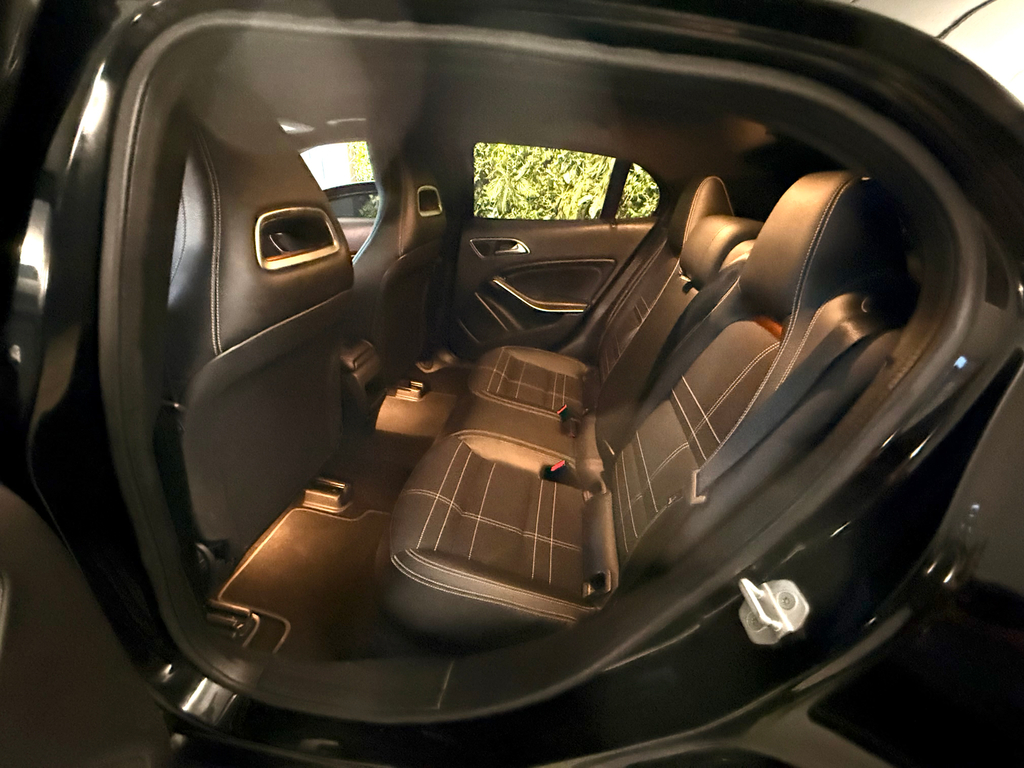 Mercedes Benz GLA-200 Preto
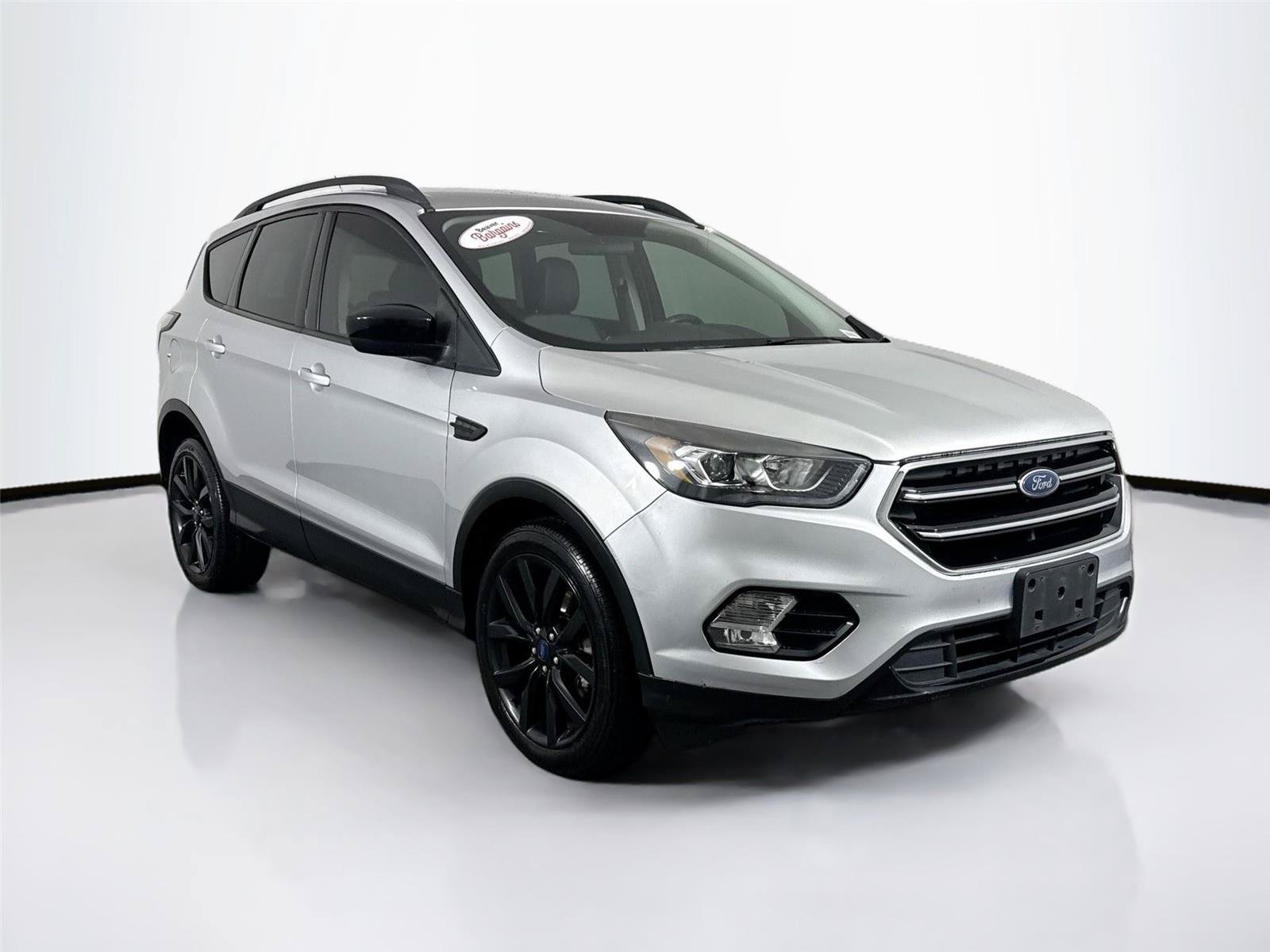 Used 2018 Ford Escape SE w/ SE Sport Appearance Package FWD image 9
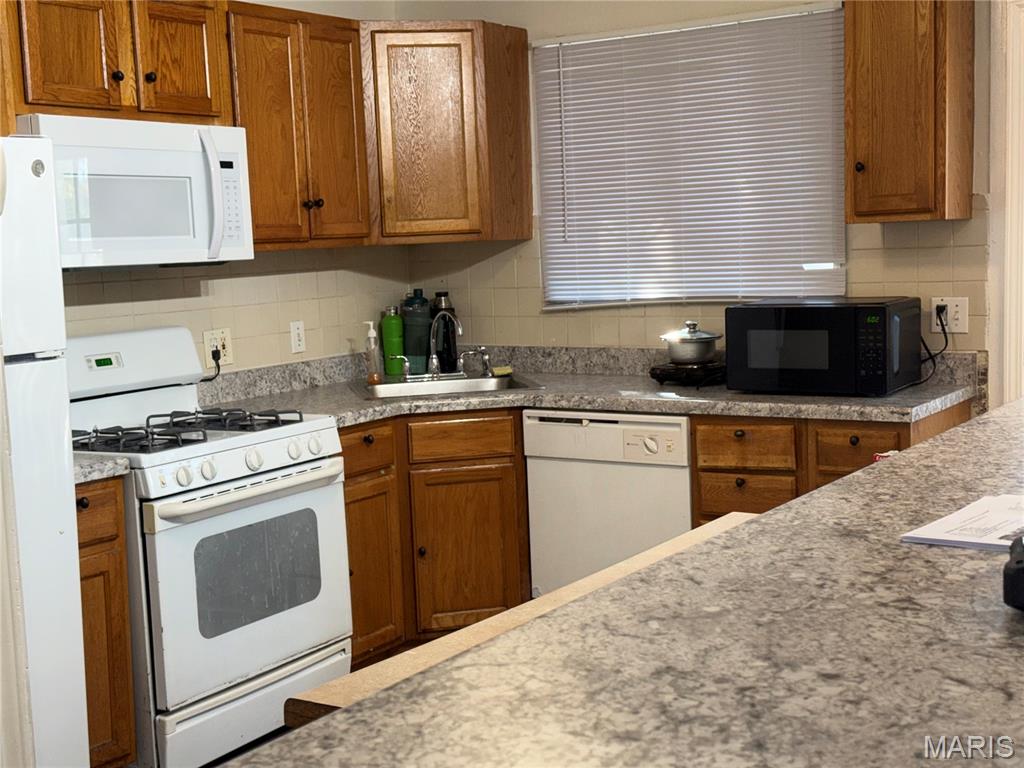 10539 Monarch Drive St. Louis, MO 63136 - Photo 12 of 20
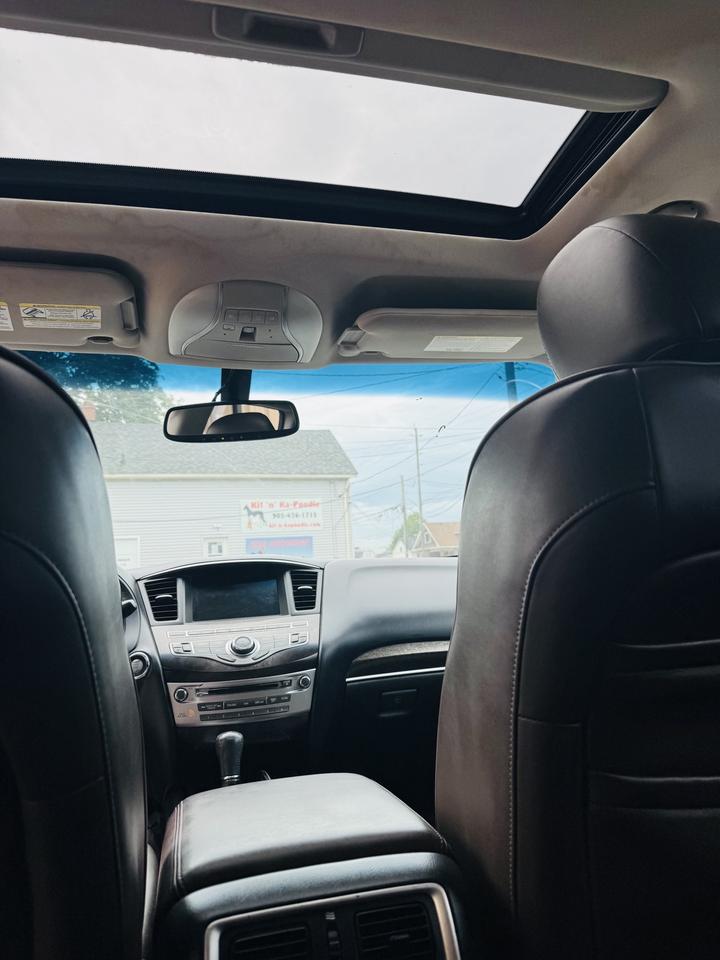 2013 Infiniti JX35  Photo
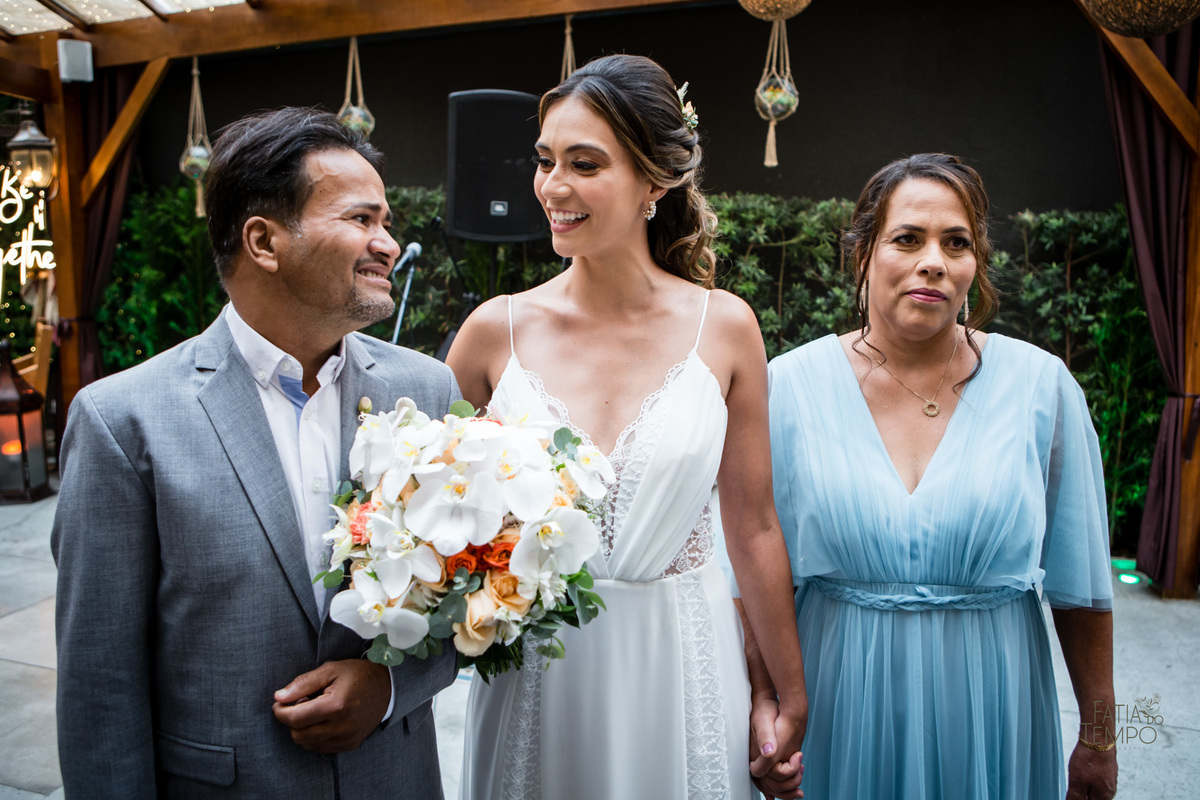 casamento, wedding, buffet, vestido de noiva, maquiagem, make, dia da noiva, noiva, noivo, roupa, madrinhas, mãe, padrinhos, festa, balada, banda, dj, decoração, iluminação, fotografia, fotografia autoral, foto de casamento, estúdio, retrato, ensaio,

-- YOUR OBJECTIVE --
Your task is to reproduce all of the material exactly. The pictures stay out.

-- COMPLETED EXERCISE --
 Mercedes Benz GLA-200 Preto
 Used 2018 Ford Escape SE w/ SE Sport Appearance Package FWD image 9
 10539 Monarch Drive St. Louis, MO 63136 - Photo 12 of 20
 2013 Infiniti JX35  Photo
 casamento, wedding, buffet, vestido de noiva, maquiagem, make, dia da noiva, noiva, noivo, roupa, madrinhas, mãe, padrinhos, festa, balada, banda, dj, decoração, iluminação, fotografia, fotografia autoral, foto de casamento, estúdio, retrato, ensaio,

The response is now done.